We live in an old brick house that's falling apart. We try to keep it up, but we get distracted by finer ideas. Like the idea of keeping chickens. So last winter, we built a chicken coop. When it was built, we got five hens and one rooster. We named the hens Princess Leia, General Grevous, Obi-wan, Tiny Qui-gon, and Yoda. We named the rooster Chicken Rooster. General Grevous is the nicest chicken. She likes to be held. Yoda is very nice, too. Chicken Rooster, on the other hand, was mean. He attacked my shins. He attacked Catherine's shins. He attacked the kids. We put up with this with some laughter, but we felt nervous around that mean chicken. The whole thing seemed very silly.

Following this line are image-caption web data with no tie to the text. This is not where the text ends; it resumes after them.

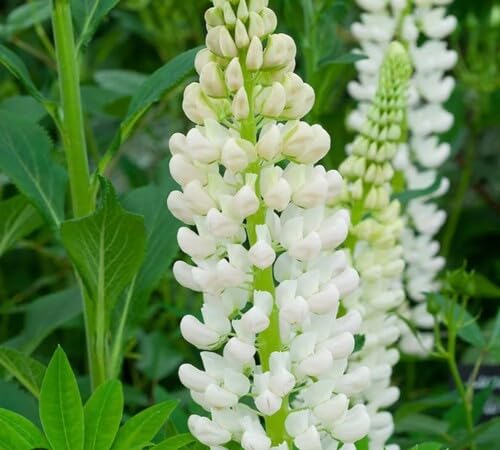 White Giant Lupine Flower Seeds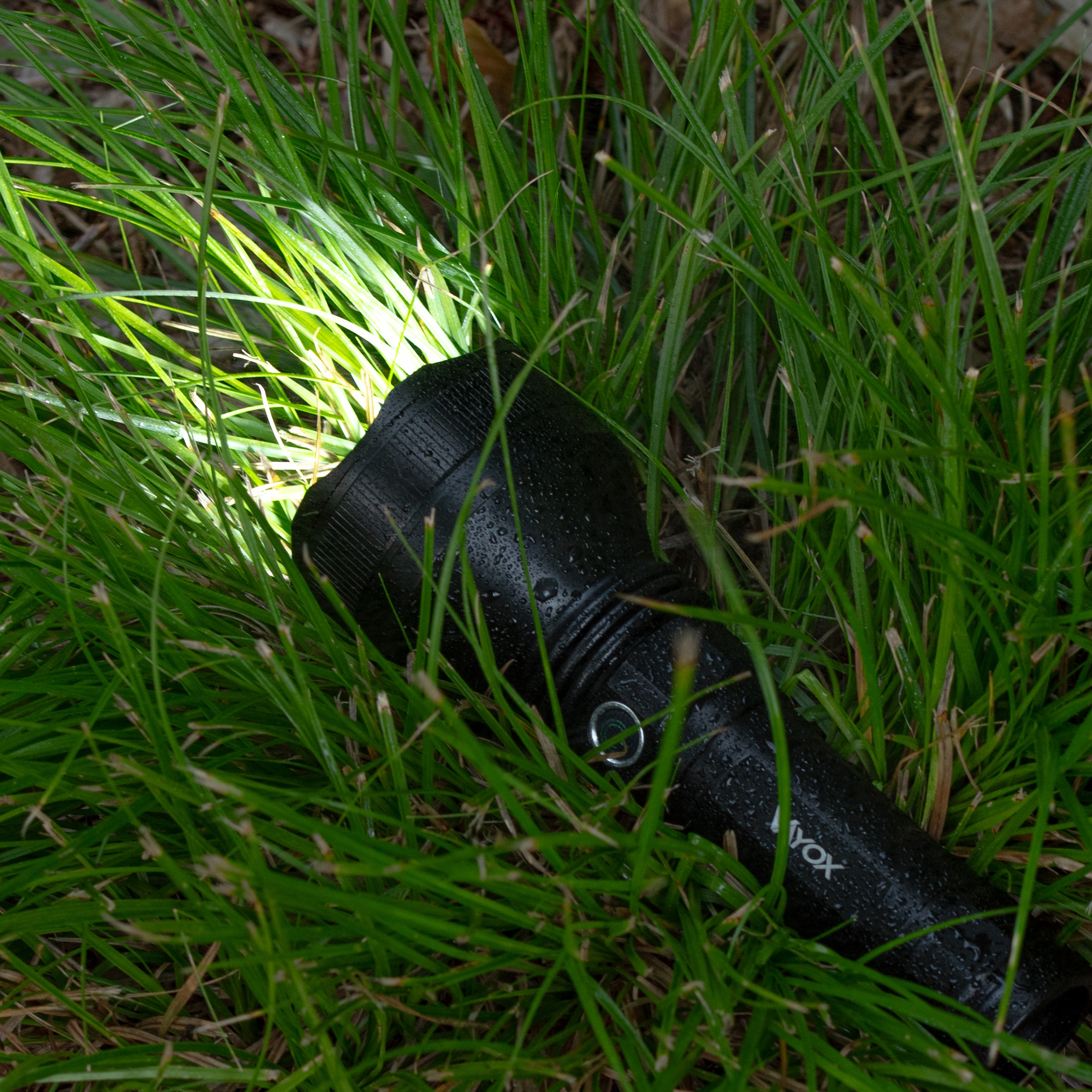 Eine nasse schwarze Taschenlampe liegt im Gras, ihr Strahl beleuchtet die Halme.
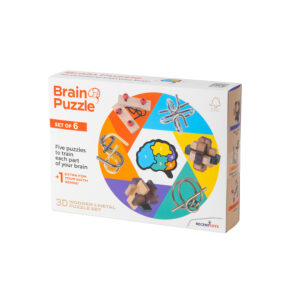 BRAIN PUZZLE - SET OF 6 - RECENT TOYS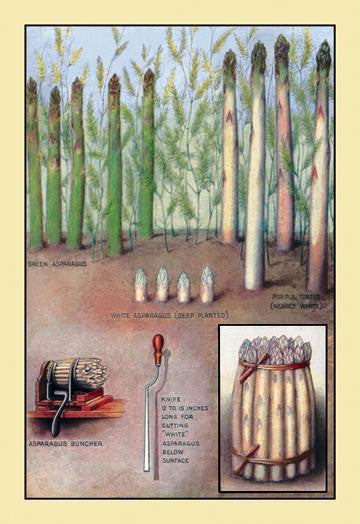 Asparagus 20x30 poster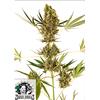SENSI SEEDS - ALPINE DELIGHT CBD AUTO (EX SENSI #41) - 3 SEMI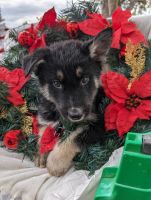 Shepherd Husky Puppies for sale in Phoenix, AZ 85019, USA. price: $700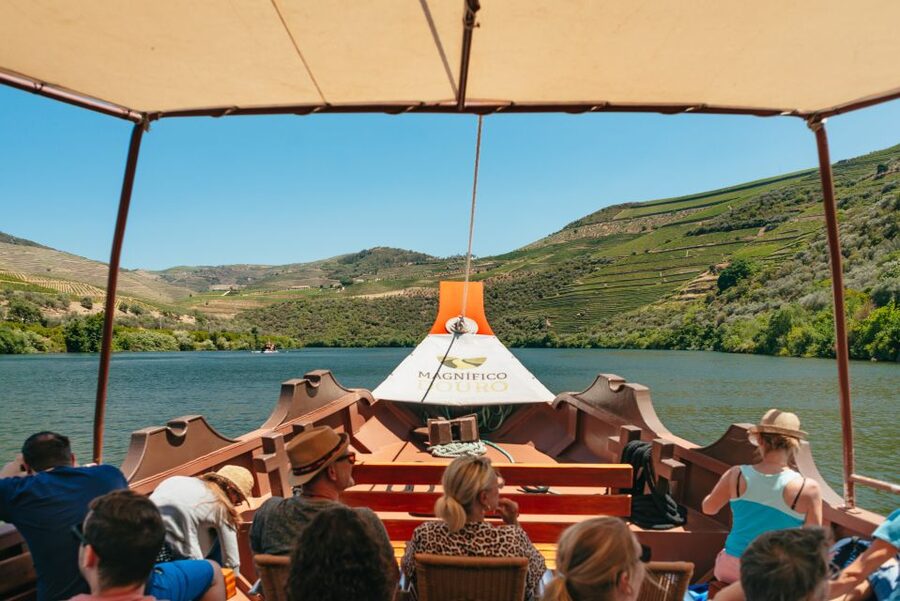 Porto: Douro Valley with Winery Lunch, Tastings & Cruise - The winery lunch pairing: what’s included and why it feels like part of the lesson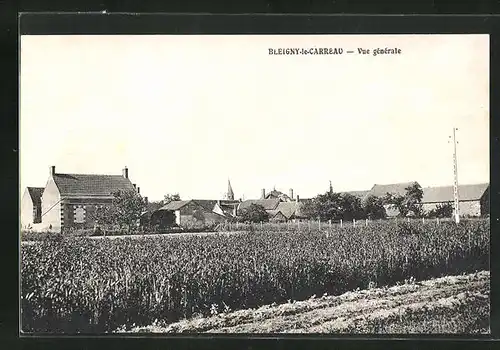 AK Bleigny-le-Carreau, Vue generale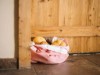 Bilde 4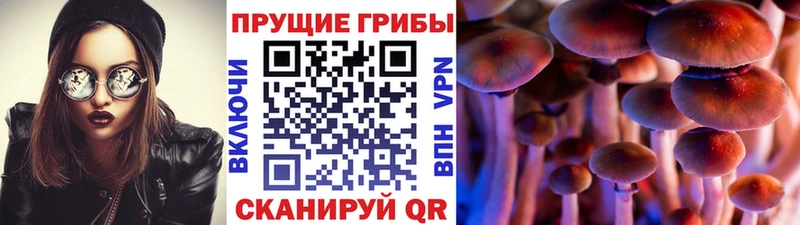 Псилоцибиновые грибы мицелий  где продают   Злынка 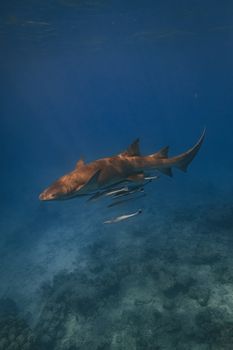 A nurse shark gracefully glides through the ocean accompanied by remoras in a vibrant underwater scene.
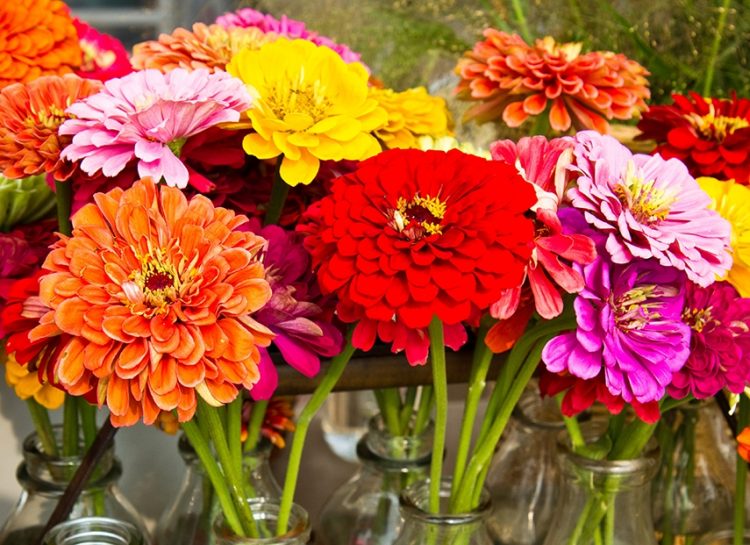 Zinnias are tender annuals that all gardeners love because they make a great show and are easy to grow.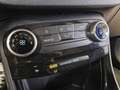 Ford Puma 1.5 Eco 120CV Titanium 'FORMULA FINANZIAMENTO' Blu/Azzurro - thumbnail 10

We also let the chickens roam around the neighborhood. This was very stupid, but we did not know it right away. If it is not obvious already, we have very good neighbors! And the neighbors liked the chickens, until Chicken Rooster attacked one of them. Chicken Roo, as my son called him, attacked a very nice man who lives a few houses down. Not only is this man very nice, but he is also fairly old. Not only is he fairly old, but he also takes care of a very young boy. (It is a charming scene!) When Chicken Rooster attacked our neighbor, we thought of how kind our neighbor was, and how our mean rooster had made him bleed from the shin, and how our mean rooster could have attacked the very young boy. So we made Chicken Rooster into soup.
Here is the chicken coop in a photo that's over a year old. Our chickens don't live in it yet. Soon my brother will stain it. In an appropriate amount of time, I'll post another photo of what it looks like now, with stain and chickens. I'm doing this because I've learned that you should always leave the audience wanting more. And what you want, ever so badly, are pictures of chicken coops.